Hi @swettoth0812 Thank you for your kind response.

This is ip inferface in my backend server:

# ip addr
1: lo: <LOOPBACK,UP,LOWER_UP> mtu 65536 qdisc noqueue state UNKNOWN group default qlen 1000
    link/loopback 00:00:00:00:00:00 brd 00:00:00:00:00:00
    inet 127.0.0.1/8 scope host lo
       valid_lft forever preferred_lft forever
    inet 31.3.7.2/32 scope global lo
       valid_lft forever preferred_lft forever
    inet6 ::1/128 scope host 
       valid_lft forever preferred_lft forever
2: tunl0@NONE: <NOARP> mtu 1480 qdisc noop state DOWN group default qlen 1000
    link/ipip 0.0.0.0 brd 0.0.0.0
4: ip6tnl0@NONE: <NOARP> mtu 1452 qdisc noop state DOWN group default qlen 1000
    link/tunnel6 :: brd :: permaddr be92:fafc:2800::
9: ipip0@NONE: <NOARP,UP,LOWER_UP> mtu 1480 qdisc noqueue state UNKNOWN group default qlen 1000
    link/ipip 0.0.0.0 brd 0.0.0.0
    inet 127.0.0.42/32 scope host ipip0
       valid_lft forever preferred_lft forever
10: ipip60@NONE: <NOARP,UP,LOWER_UP> mtu 1452 qdisc noqueue state UNKNOWN group default qlen 1000
    link/tunnel6 :: brd :: permaddr 6e20:e1a4:6f12::
    inet6 fe80::6c20:e1ff:fea4:6f12/64 scope link 
       valid_lft forever preferred_lft forever
280: eth0@if9: <BROADCAST,MULTICAST,UP,LOWER_UP> mtu 1500 qdisc noqueue state UP group default 
    link/ether 02:42:1f:03:07:96 brd ff:ff:ff:ff:ff:ff link-netnsid 0
    inet 31.3.7.150/24 brd 31.3.7.255 scope global eth0
       valid_lft forever preferred_lft forever

It was my fault

I didn't try this command in backend server for sc in $(sysctl -a | awk '/\.rp_filter/ {print $1}'); do echo $sc ; sudo sysctl ${sc}=0; done

After trying this command in backend server, everything works fine now Thanks

Anyway, I have another 2 questions.

I will wait for your kind response

Best regards.

swettoth0812 commented 1 day ago

Why do we use ipip tunnel even for packet forwarding?

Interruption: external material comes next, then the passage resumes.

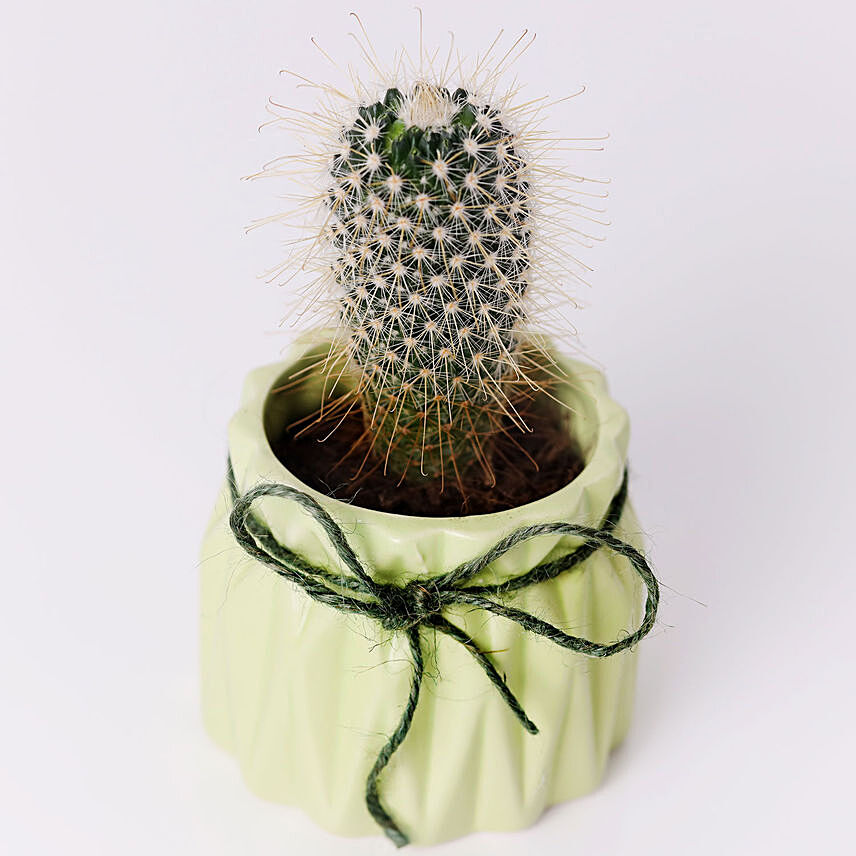 Cactus Plant in Ceramic Pot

Is there any other solution that we don't use ipip tunnel for packet forwarding? Because it seems reduce the performance.

IPIP tunnel allows the reals to be on different subnets. You could go through this blog (https://fedepaol.github.io/blog/2023/09/06/ebpf-journey-by-examples-l4-load-balancing-with-xdp-and-katran/). This explains how Katran works.

And I am not sure why VIP must be configured on backend server.

VIP inside the backend server prevents the kernel from dropping the packet. You can imagine that the INER IP PACKET contains source ip as the client and dest ip as the VIP. If you don't add the VIP to the backend server, it doesn't know that it is the one who need to process the packet.